[Data extract]

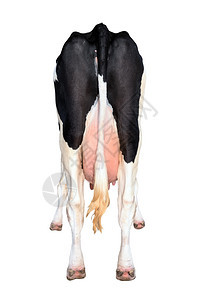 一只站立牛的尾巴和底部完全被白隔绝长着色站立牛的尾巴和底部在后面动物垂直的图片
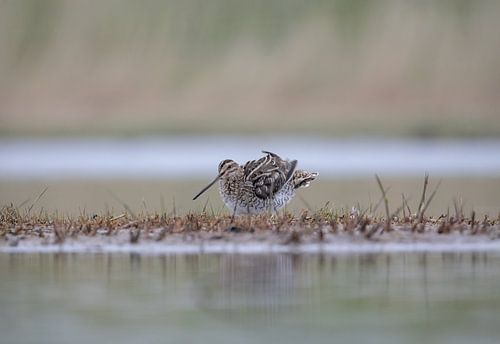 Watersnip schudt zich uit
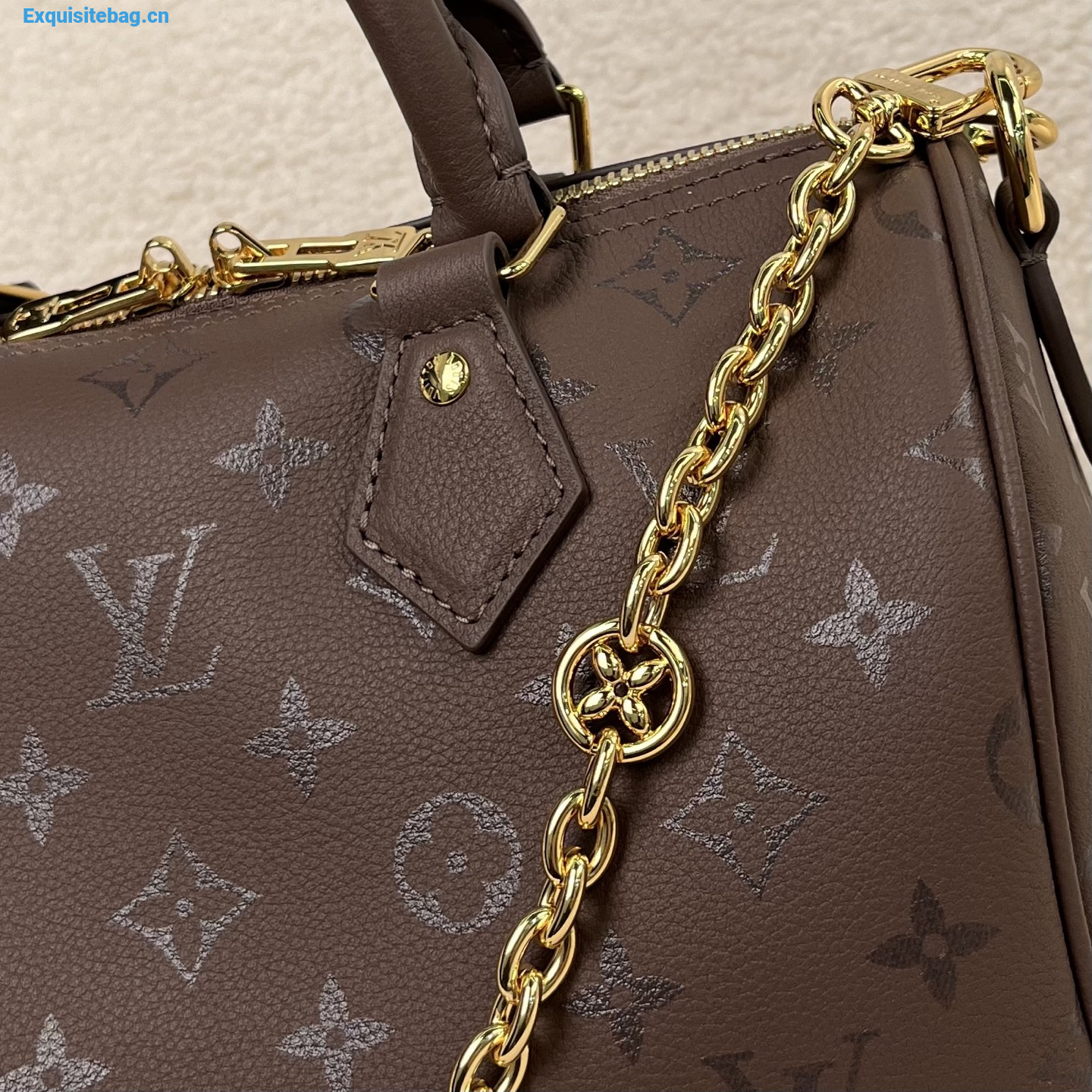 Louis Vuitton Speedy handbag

[/Data extract]

▸ Directions: From the first line to the last, write out the data above exactly. Omit the pictures.

▸ Response box:
 一只站立牛的尾巴和底部完全被白隔绝长着色站立牛的尾巴和底部在后面动物垂直的图片
 Watersnip schudt zich uit
 Louis Vuitton Speedy handbag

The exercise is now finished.